> _Source material_
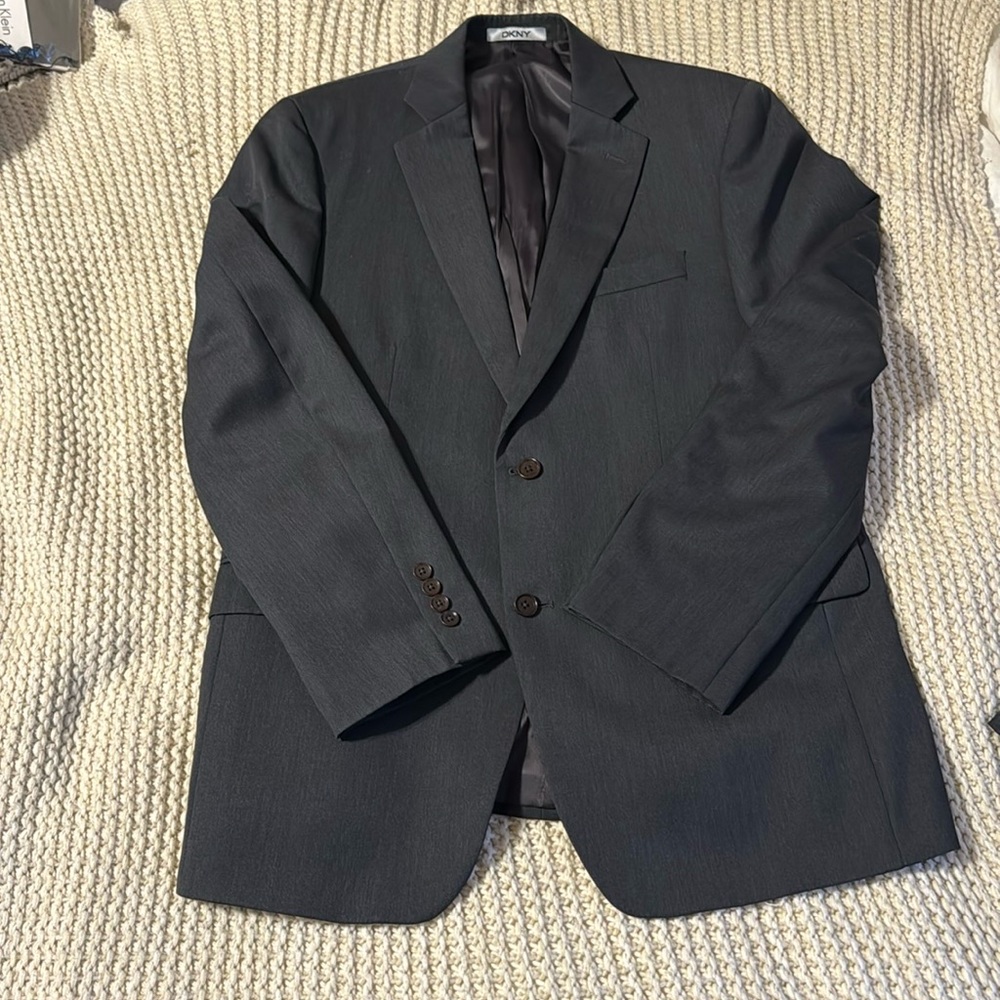 Men’s Suit Jacket DKNY - 42R - Dark Gray 100% Wool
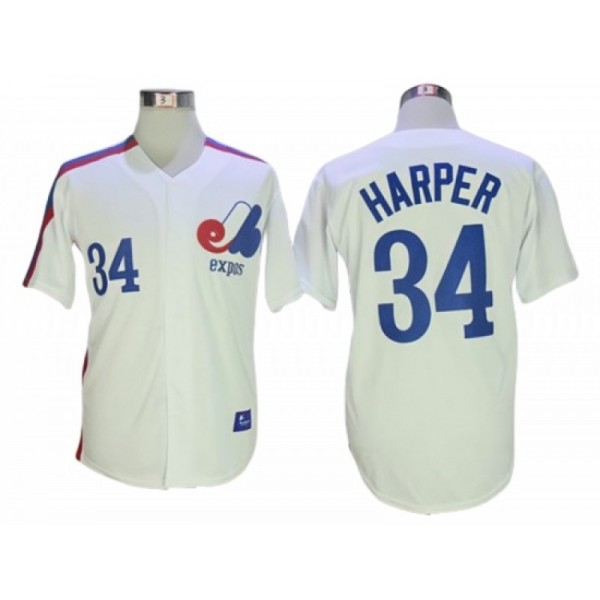 Montreal Expos #34 Bryce Harper White Throwback Jersey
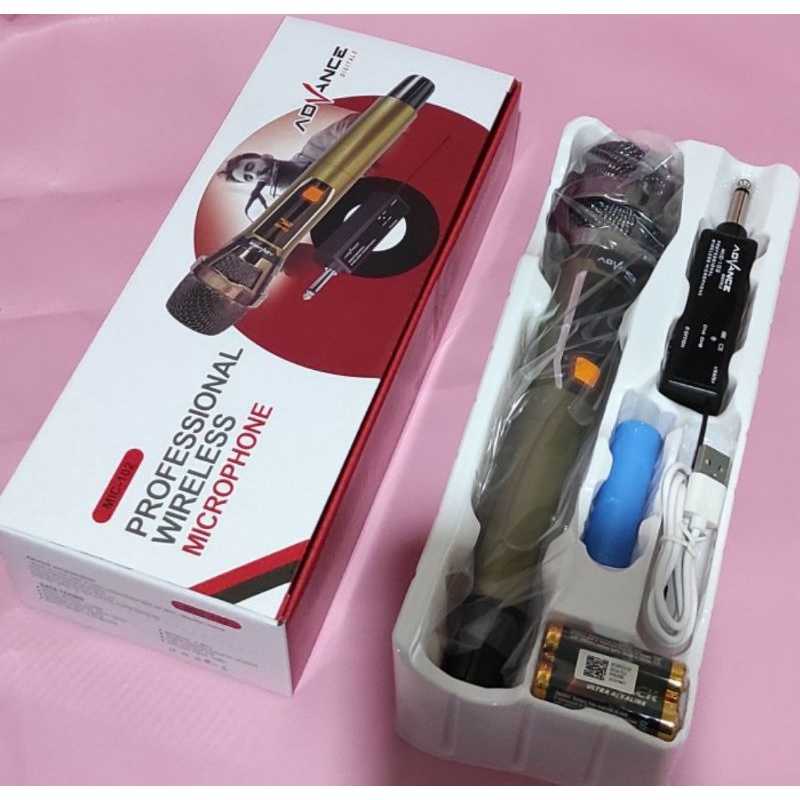 mic wireless advance 102 batrai cas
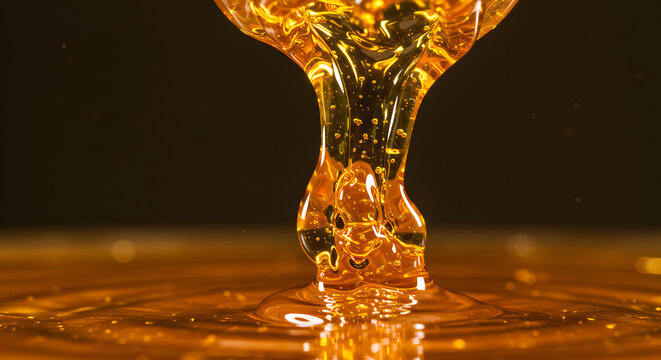 Golden Liquid Motion Abstract Background With Viscous Flow And Rich Texture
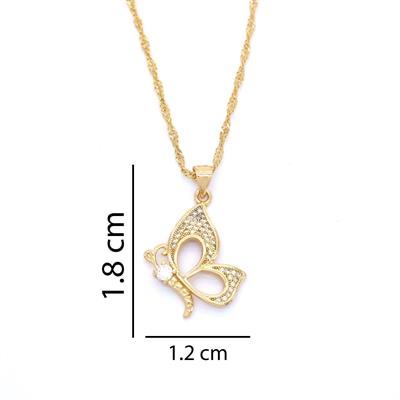 Çelik Kolye,Kelebek Kolye Altın Kaplama, Kadın Kolye KLY-326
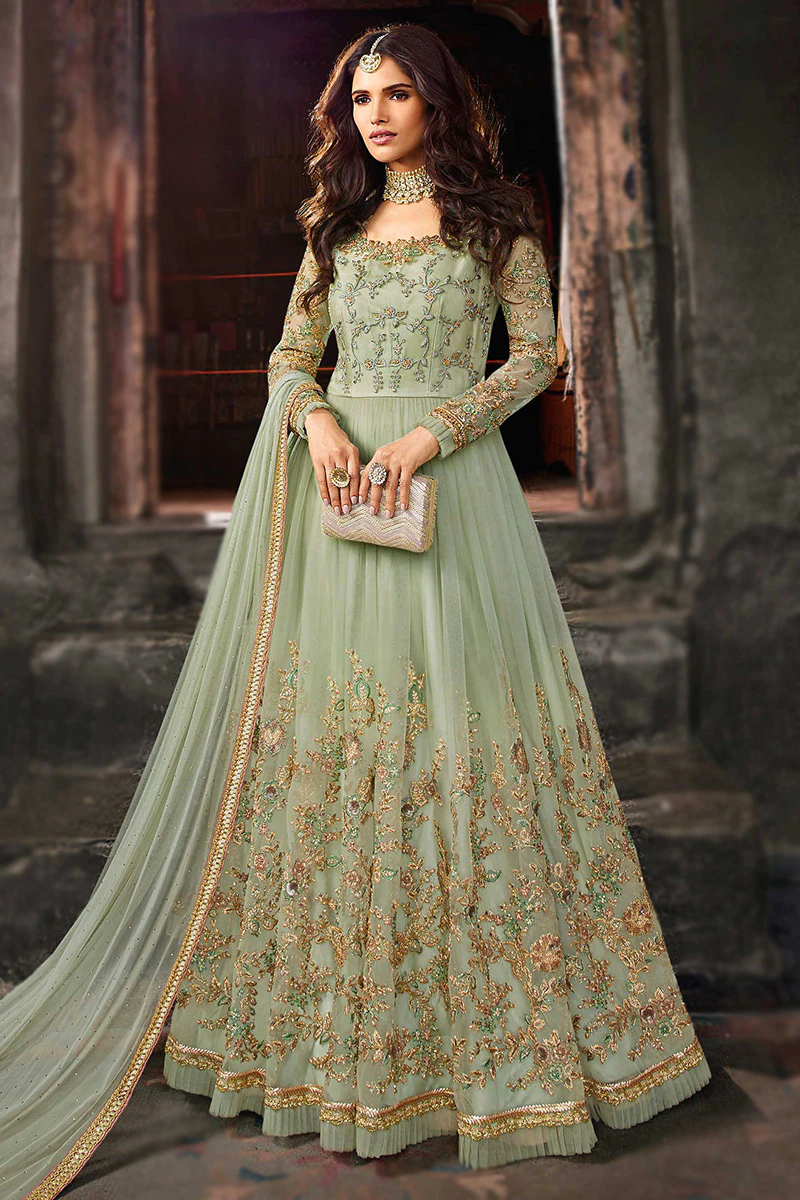 Sage Green Embroidered Net Anarkali Suit For Mehndi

> _Problem details_
Retype all of the entries exactly as written, leaving out any images.

> _Your solution_
 Men’s Suit Jacket DKNY - 42R - Dark Gray 100% Wool
 Montreal Expos #34 Bryce Harper White Throwback Jersey
 mic wireless advance 102 batrai cas
 Golden Liquid Motion Abstract Background With Viscous Flow And Rich Texture
 Çelik Kolye,Kelebek Kolye Altın Kaplama, Kadın Kolye KLY-326
 Sage Green Embroidered Net Anarkali Suit For Mehndi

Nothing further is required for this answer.